Read more: watch WWE 2K20’s most amusing bugs
Next up, wrestling fans don’t want an arcade brawler. Just look at what happened to 2020’s WWE 2K Battlegrounds, a game that promised ‘all-new, over the top” spin on the series that promptly bombed without a trace. If I want to play an arcade brawler, than there’s plenty of other games out there.
What I want from a game carrying the world’s most prestigious wrestling license is a fun simulation of professional wrestling. I want to be able to recreate historic moments, live out epic rivalries and have the experience of taking part in a match so good that Dave Meltzer gives it five stars. This can only be accomplished by “selling” being reintroduced into the franchise. When a wrestler gets power bombed through a table they need to act hurt, they need to take time to recover; rolling back to their feet and dishing out some dropkicks destroys any and all player investment and belief.
Finally, please 2K, for the love of Shane McMahon’s sweaty sweaty face, please get rid of QTE button prompts. I don’t want to have to watch a meter move back and forth and tap a button at exactly the right time to kick out of a pin. I don’t want to wiggle thumbsticks to escape submission holds. Why not design the game so that by watching the action I’ll know when to reverse a move? So that timing is required rather than endless button bashing patience? That way we can all actually play the game rather than stare glassy eyed at yet another meter. WWF No Mercy managed this on the N64 over twenty years ago, why is this not possible – to a far greater standard – on modern hardware?

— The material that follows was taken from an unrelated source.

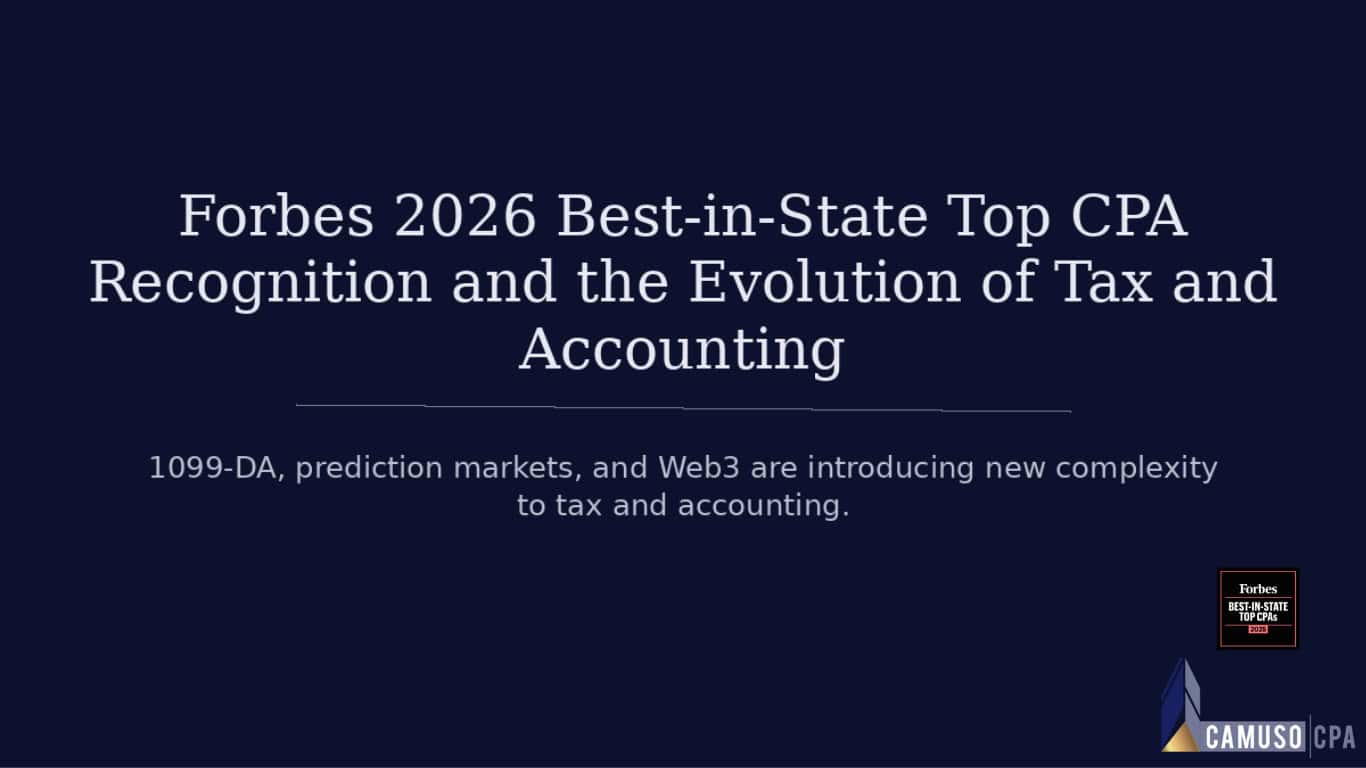 Forbes 2026 Best-in-State Top CPA Recognition and the Evolution of Tax and Accounting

We won’t have long to find out what 2K are cooking up. During WrestleMania 37 the publisher debuted a short trailer for WWE 2K22, depicting a very convincing Rey Mysterio taking on Cesaro in the squared circle. Sure, it looked great, but until 2K can prove they have made brave decisions to shake up WWE 2K22’s game design, there’s not much cause to get excited yet. 2K have promised that their latest game will ‘hit different’. I hope they’re right, the continued future of this franchise depends on it.